Today, I received a notice from Chase that my credit card payment that was due on Sunday had not been received yet.  Since I use online banking from my local credit union to pay my bills, I immediately went online and saw that the payment to Chase was withdrawn from my account electronically on Friday, August 17.  So I called Chase and their customer service agent told me that there is always a delay "getting" an electronic payment and that they didn't "receive" my payment until this morning Monday, August 20, and they had assessed me a $25 late fee.  I told the agent that an electronic transfer is an instant process and the money was withdrawn from my account on Friday and would have been instantly received by Chase on Friday.  If their computer system does not attribute that money to my account until they perform some manual process, it is hardly fair to charge me a $25 late fee since the money was received on Friday and was sitting in Chase's funds merely waiting for someone to allocate it as a payment to someone's specific account on Monday.  I have seen other credit card companies say in their fine print that if a payment is due on the weekend and funds to pay it are electronically "sent" on the weekend but not officially posted until Monday, the funds will be recognized as received on the weekend.  Apparently, Chase does not follow this policy!
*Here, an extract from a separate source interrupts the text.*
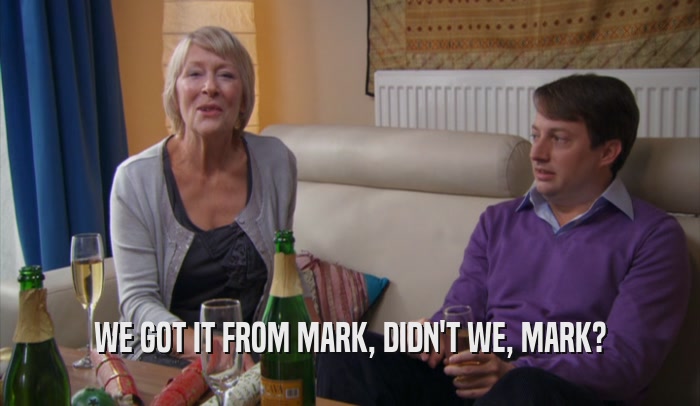 WE GOT IT FROM MARK, DIDN'T WE, MARK?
I asked if, since it was obvious I authorized the payment in time and have an excellent payment history with Chase, always paying each statement in full by the due date until now, they would refund the late fee.  But the customer service clerk flatly refused.  So I asked to speak to a supervisor then she said she would refund the late fee and asked me if I still needed to talk to a supervisor.  I told her no if she was issuing the refund I didn't need to talk to a supervisor then but that I should not have had to ask to speak to a supervisor.  At that point, without any reply, I just heard the tones of someone dialing a phone then hold music.  After a brief wait, a man came on the phone who I assumed was the supervisor.  I again explained what had happened with the online electronic payment and asked for a refund of the late fee and he agreed.
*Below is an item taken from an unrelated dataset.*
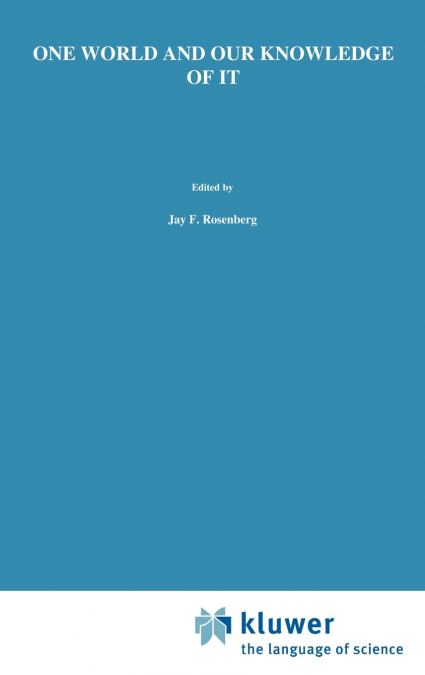 One World and Our Knowledge of It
But, is this the new way banks are trying to slip in more fees on an unsuspecting public?  An electronic transfer cannot occur unless both sender and receiver participate.  The sending institution is including all information necessary to earmark the funds being received as to the payor's identification.  Even if the computers at the receiving end must run some other subroutines to actually apply the information to a customer's account at a later date, the fact that the transmission occurred on a specific day should be the basis for recognizing receipt of the funds.  Before I retired I used to design databases and know that as long as the two institutions participating in an electronic exchange have their database fields mapped properly, the exchange can be handled in a millisecond without human intervention.  So why does the Federal Banking Commission allow banks to get away with slapping customers with a big late fee when the receiving institution has actually had the funds in their possession before the due date???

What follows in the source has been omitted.